Mit ionischen Flüssigkeiten können beispielsweise Bakterien aus der Lebensmittel-Matrix herausgelöst werden – „bei manchen Lebensmitteln funktioniert das bereits“, so Rossmanith. Die neuartigen Chemikalien könnten in Zukunft vielleicht auch als Basis für Reinigungsmittel dienen, die den Nachweis von schädlichen Keimen nicht beeinträchtigen. „Das Interessante an den ionischen Flüssigkeiten ist, dass man ihre Eigenschaften sehr genau steuern kann“, erläutert der Forscher. Noch sind diese Substanzen aber ziemlich hochpreisig.

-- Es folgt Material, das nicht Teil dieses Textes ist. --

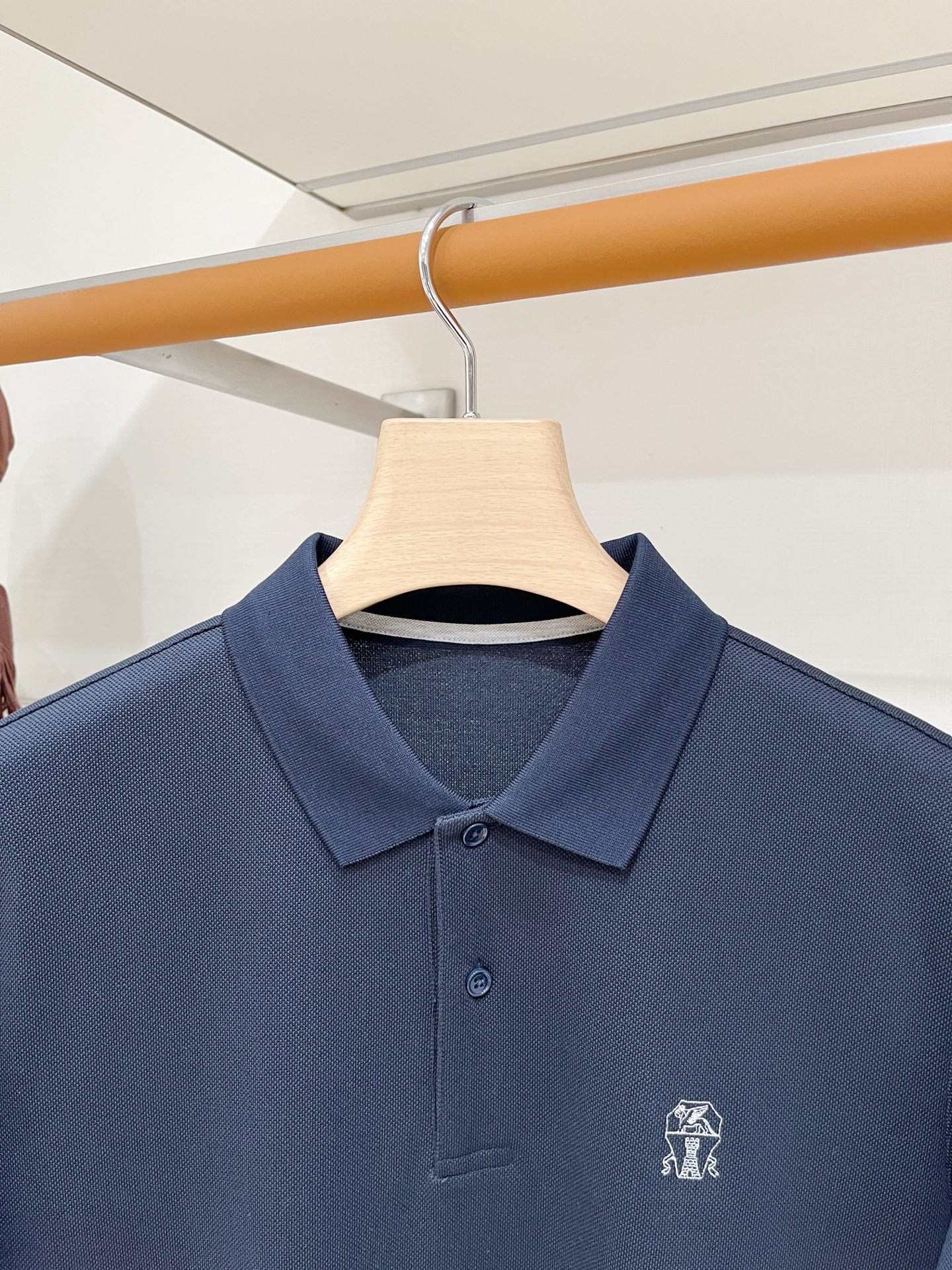 Brunello Cucinelli、2026新品短袖T恤，帅气时尚，胸前精致刺绣图案logo，简约百搭款。面料棉 不仅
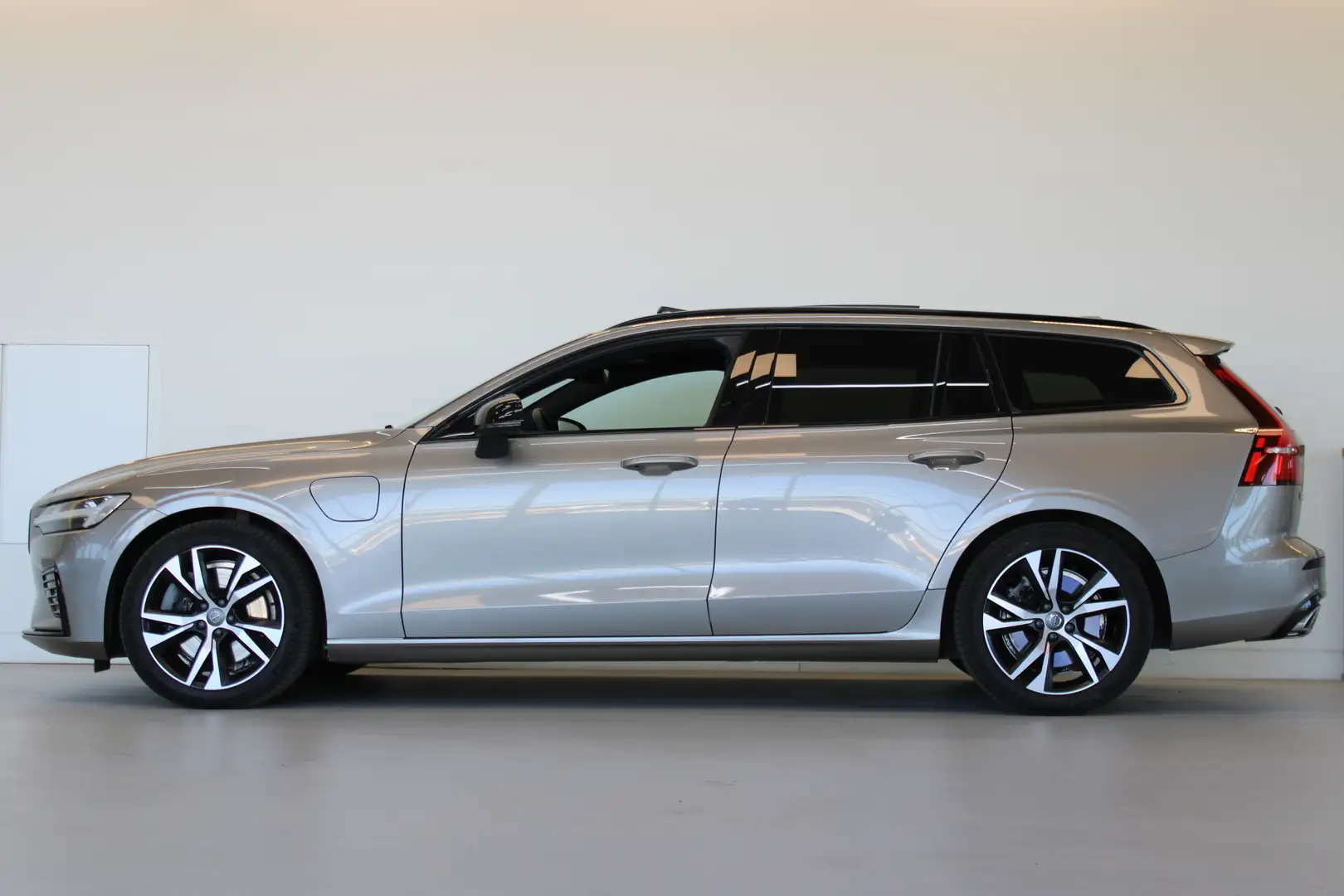 Volvo V60 T6 340PK R-Design | Panoramadak | Trekhaak | Stoel Grijs - 2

Die Forscher haben auch einige Ideen, wie die Qualitätssicherung in der Lebensmittelverarbeitung noch effizienter durchgeführt werden kann: So wird etwa an Zusätzen zu Test-Käselaiben gearbeitet, die die gesamte Produktion durchlaufen und im Falle einer Kontamination mit Listerien und Co. schwarz werden. Eine weitere Idee ist es, den ganzen Betrieb mit „Stickern“ auszustatten – elektrisch geladenen Folien, auf denen Keime, die in der Luft schweben, haften bleiben. „Das würde ein lückenloses Monitoring ermöglichen“, so Rossmanith.


Breite Anwendung. Die Forscher wollen zudem den Anwendungsbereich ihrer Methode ausweiten: Denn nicht nur die Lebensmittelindustrie hat Interesse an der frühzeitigen Entdeckung von Kontaminationen – auch andere Sektoren der Biotechnologie kennen das Problem: So kämpft man z. B. bei der Stammzellenfermentation (für die Medizin) immer wieder mit Infektionen durch Schimmelpilze.

PCR-Revolution

Die Polymerase Chain Reaction (PCR) ermöglicht die gezielte Vervielfältigung von DNA in kurzer Zeit. Erfunden 1983 vom US-Forscher Kary Mullis (Nobelpreis 1993), hat sie die Molekularbiologie revolutioniert und u.a. die Entschlüsselung des menschlichen Genoms ermöglicht.

Die PCR wird auch genutzt, z.B. für einen genetischen Fingerabdruck (Vaterschaftstest), zur Diagnose von Erbkrankheiten oder zum Nachweis bestimmter Arten in Ökosystemen.